▸ **DATASET CONTENT**
━━━━━━━━━━━━━━━━━━━━━━━━━━━━━━

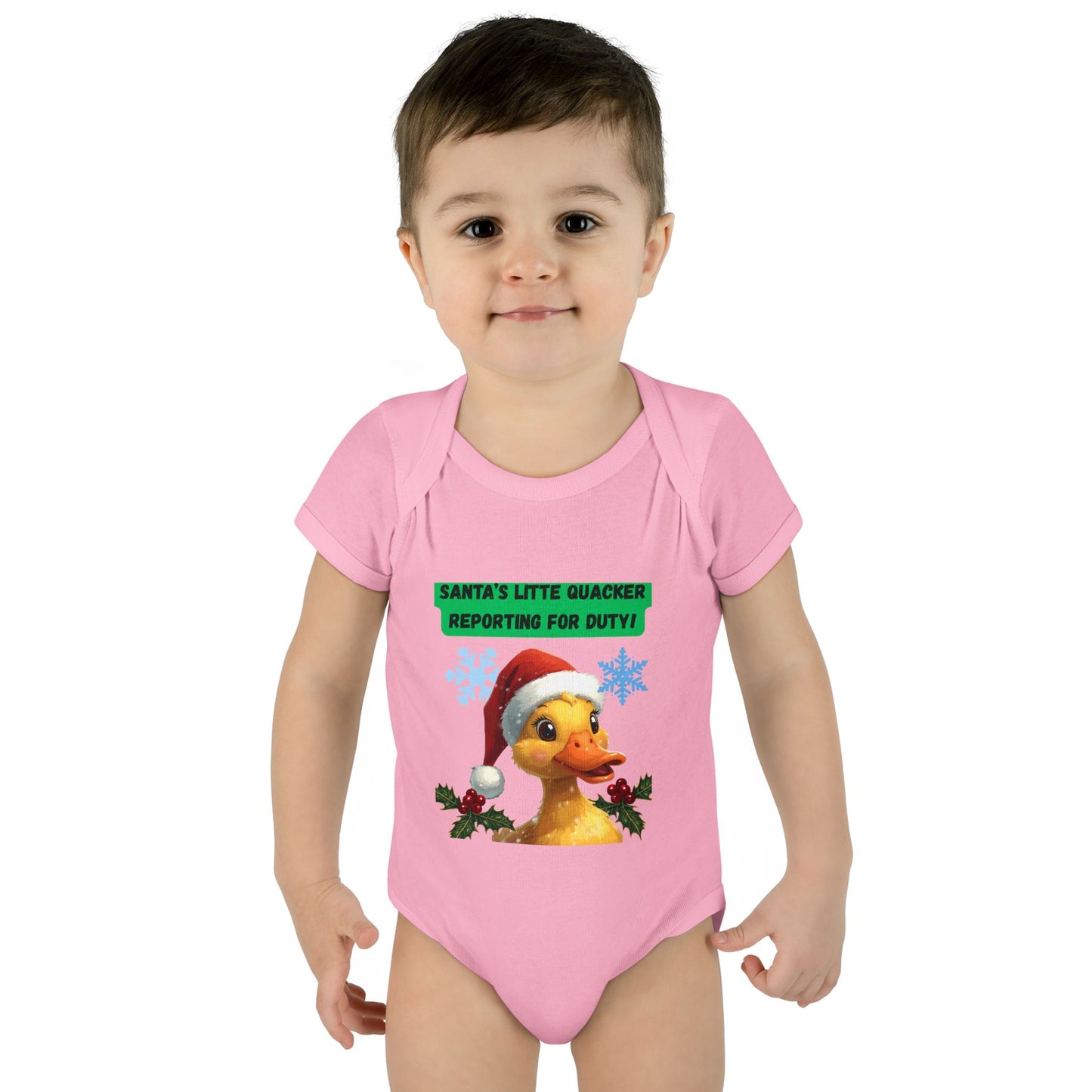 Christmas Infant Bodysuit, Santa's Little Quacker Design, Holiday Baby Outfit, Cute Baby Gift, Festive Newborn Apparel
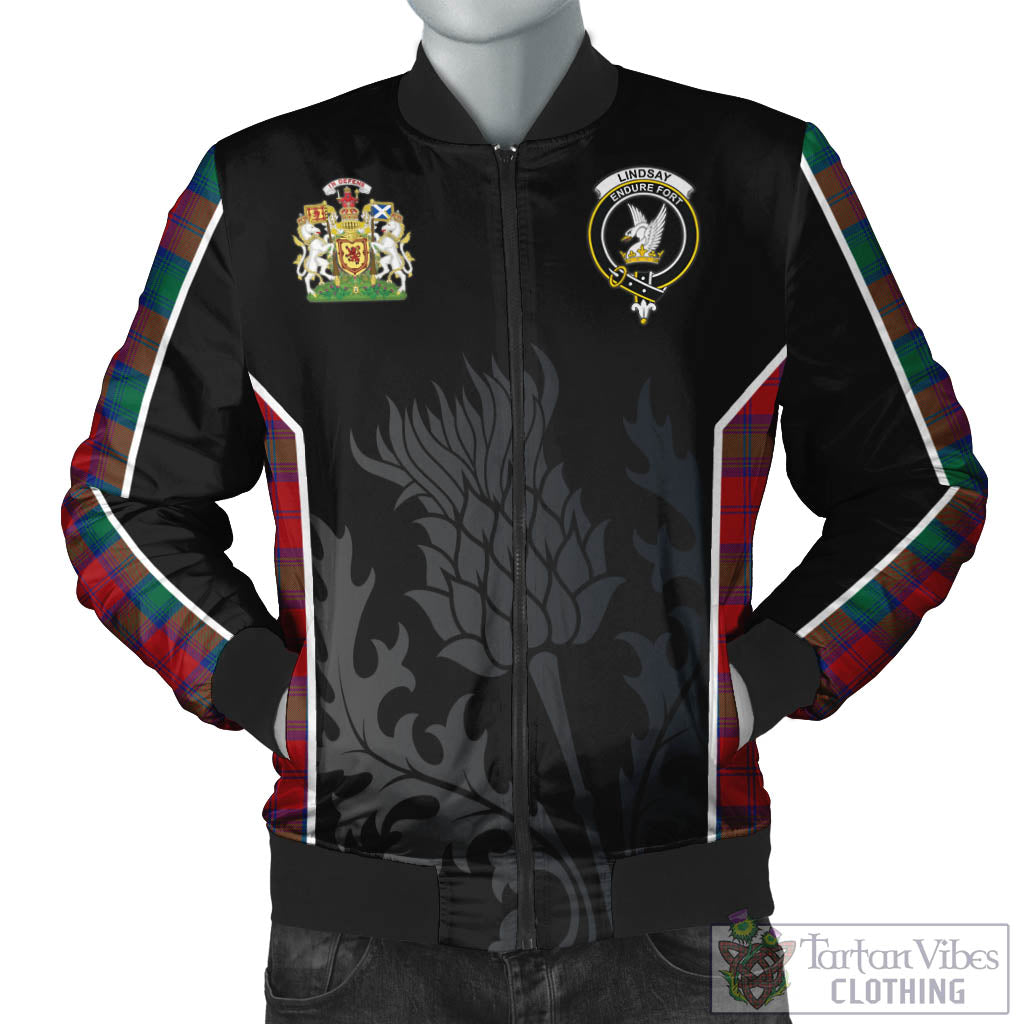 Tartan Vibes Clothing Lindsay Modern Tartan Bomber Jacket with Family Crest and Scottish Thistle Vibes Sport Style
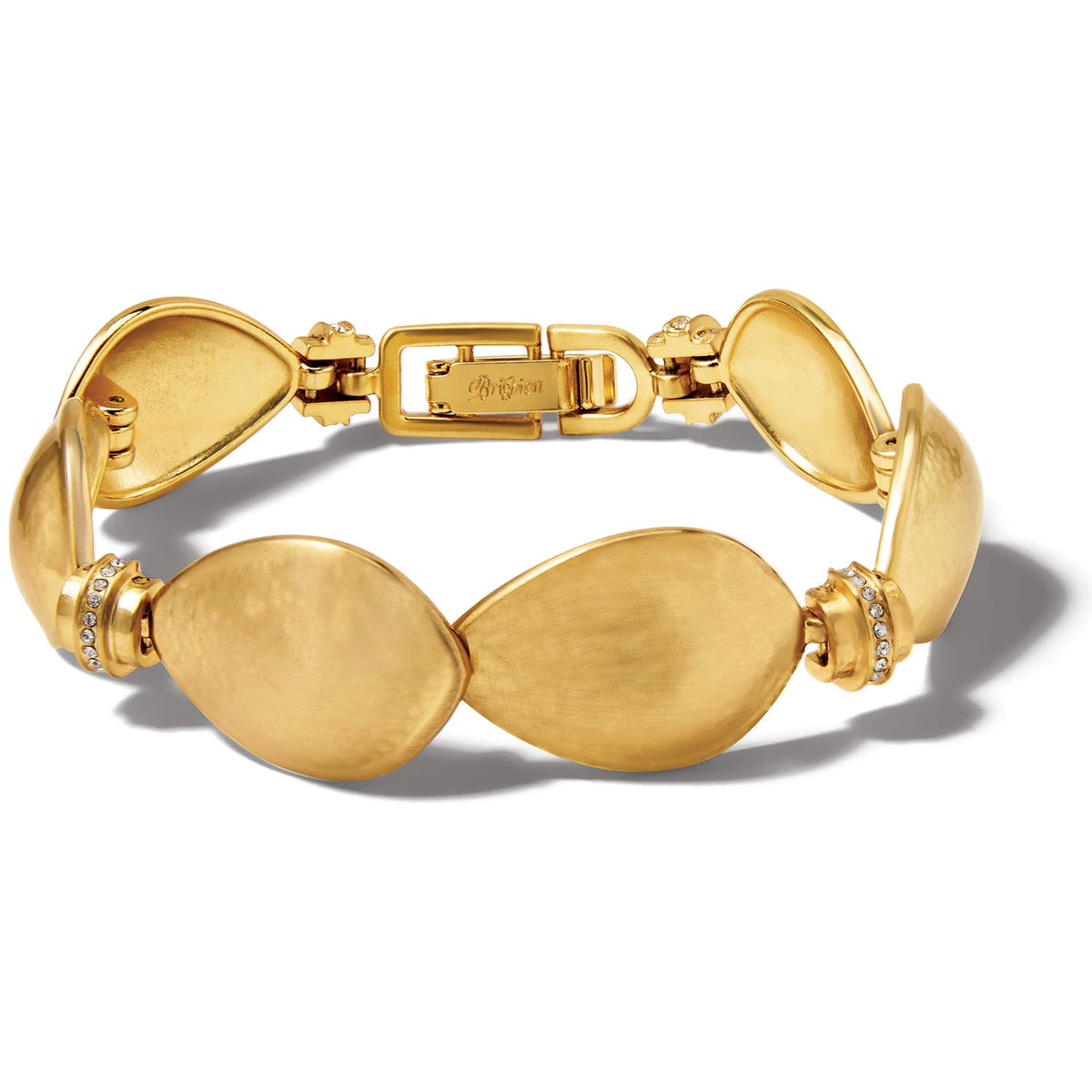Brighton bracelet with brushed gold-plated teardrop links, crystal accents, and engraved clasp on a white background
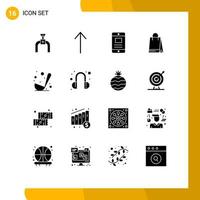 Pack of 16 Modern Solid Glyphs Signs and Symbols for Web Print Media such as headset kitchen online food canada Editable Vector Design Elements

━━━━━━━━━━━━━━━━━━━━━━━━━━━━━━

▸ **TASK DESCRIPTION**
Return, exactly as they stand, the lines from the opening line of the listing through the line with "Brighton bracelet with", both ends counted, and no pictures.

▸ **ANSWER BOX**
 Christmas Infant Bodysuit, Santa's Little Quacker Design, Holiday Baby Outfit, Cute Baby Gift, Festive Newborn Apparel
 Tartan Vibes Clothing Lindsay Modern Tartan Bomber Jacket with Family Crest and Scottish Thistle Vibes Sport Style
Brighton bracelet with brushed gold-plated teardrop links, crystal accents, and engraved clasp on a white background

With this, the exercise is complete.